Small alumina nano-particle reflectors are placed between the rods to ensure the light is guided as efficiently as possible.

The scientists claim up to 85% of usable sunlight is absorbed by the new panels, compared to approximately 17% efficiency with current commerically available solar cells.

Atwater says the silicon wire arrays offer a mechanically flexible alternative to conventional silicon wafer photovoltaics, and are much better at absorping in the near-infrared spectrum.

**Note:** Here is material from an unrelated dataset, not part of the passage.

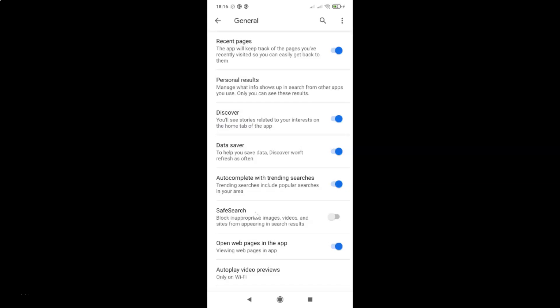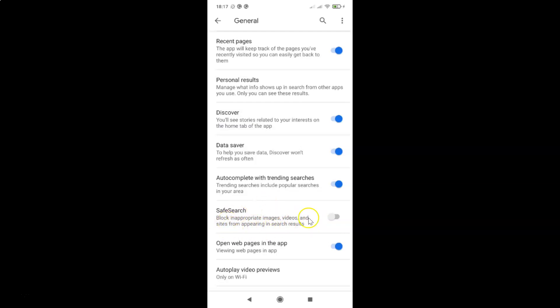Okay, so here we have this option safe search. Block inappropriate images, videos, and sites from appearing in search results. So in order to enable this...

This allows overall sunlight absorption to exceed that of an equivalent volume of randomly textured silicon panels over a wide range of sunlight angles.
'Interesting' result

Professor Martin Green of the School of Photovoltaic and Renewable Energy Engineering at the University of New South Wales says "the good absorption demonstrated using the sparse array of silicon wires is interesting."

""The challenge with silicon wires has been getting good voltage output, because surface areas are large and this ultimately limits voltage," says Green.

"However, the sparse array's total surface area need not be a lot more than a thin conventional cell of the same volume, and that gives some hope here."

But Green believes thinner versions of current solar cell technology could prove to be just as effective.

"Although volume is a reasonable metric to compare devices, low volume is of interest not only to reduce material costs, but also manufacturing time," he says. "It is not obvious that you would get much benefit in the latter area with this sparse array approach.

"I imagine a thin conventional cell could have been deposited much more quickly with the techniques used."